● TASK REQUIREMENTS
Begin at the line containing "Producer Lena Waithe" and give again every line to the end of the records, exactly, without the pictures.

● Short text fragments from websites
........

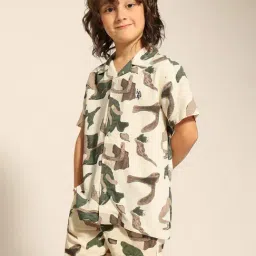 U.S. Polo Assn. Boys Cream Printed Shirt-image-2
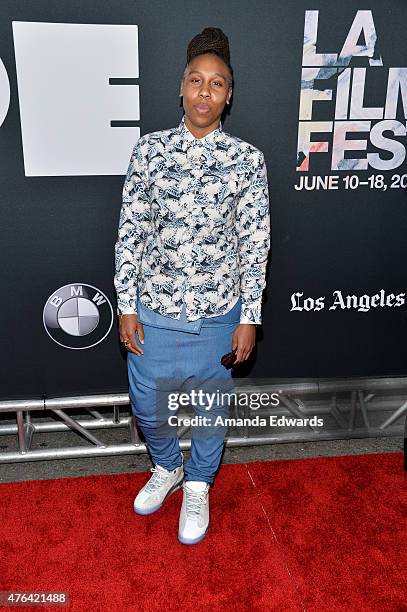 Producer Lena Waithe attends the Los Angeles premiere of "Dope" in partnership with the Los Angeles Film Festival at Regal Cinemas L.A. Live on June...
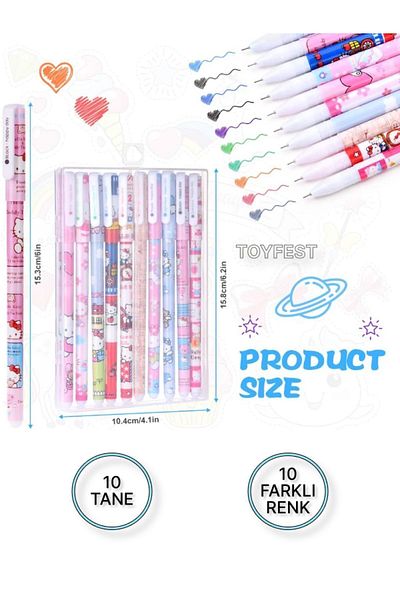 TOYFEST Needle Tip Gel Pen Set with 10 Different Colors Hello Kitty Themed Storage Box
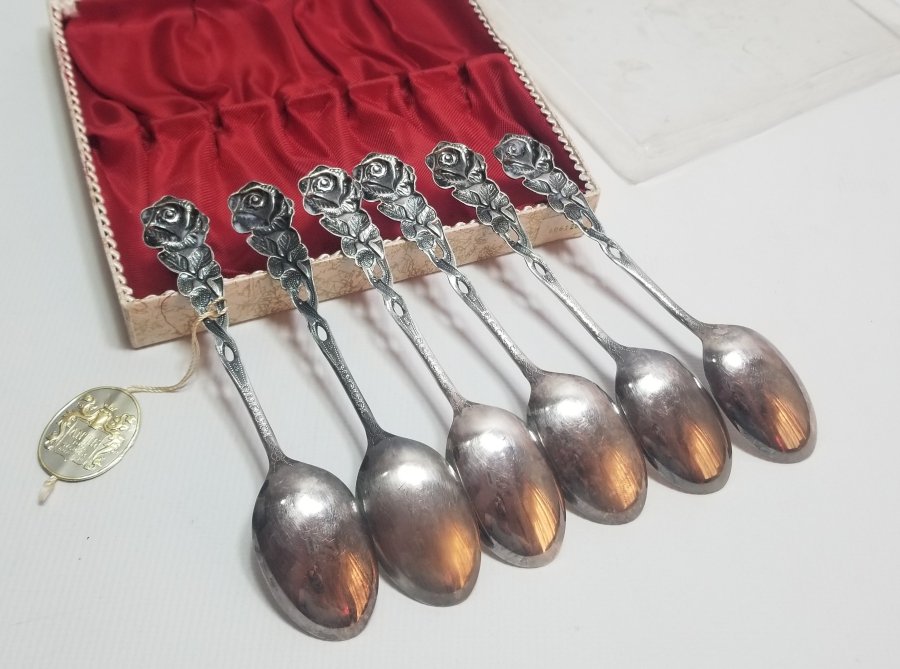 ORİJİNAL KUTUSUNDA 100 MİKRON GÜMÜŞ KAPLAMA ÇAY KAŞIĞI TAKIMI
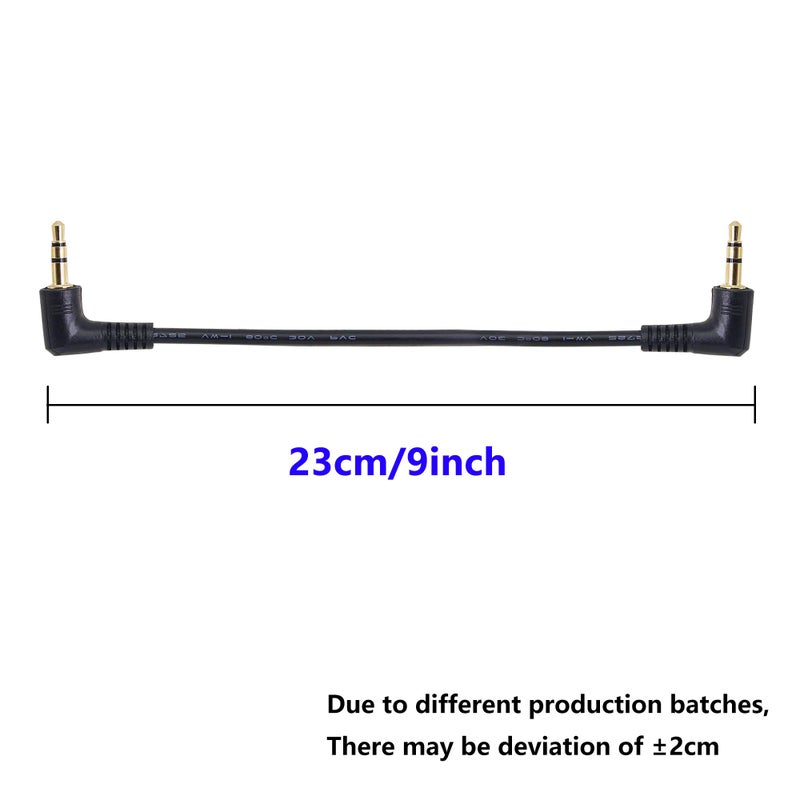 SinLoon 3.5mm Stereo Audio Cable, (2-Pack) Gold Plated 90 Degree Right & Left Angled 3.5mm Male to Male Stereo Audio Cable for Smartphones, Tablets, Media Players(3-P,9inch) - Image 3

........

● TASK RESPONSE
 Producer Lena Waithe attends the Los Angeles premiere of "Dope" in partnership with the Los Angeles Film Festival at Regal Cinemas L.A. Live on June...
 TOYFEST Needle Tip Gel Pen Set with 10 Different Colors Hello Kitty Themed Storage Box
 ORİJİNAL KUTUSUNDA 100 MİKRON GÜMÜŞ KAPLAMA ÇAY KAŞIĞI TAKIMI
 SinLoon 3.5mm Stereo Audio Cable, (2-Pack) Gold Plated 90 Degree Right & Left Angled 3.5mm Male to Male Stereo Audio Cable for Smartphones, Tablets, Media Players(3-P,9inch) - Image 3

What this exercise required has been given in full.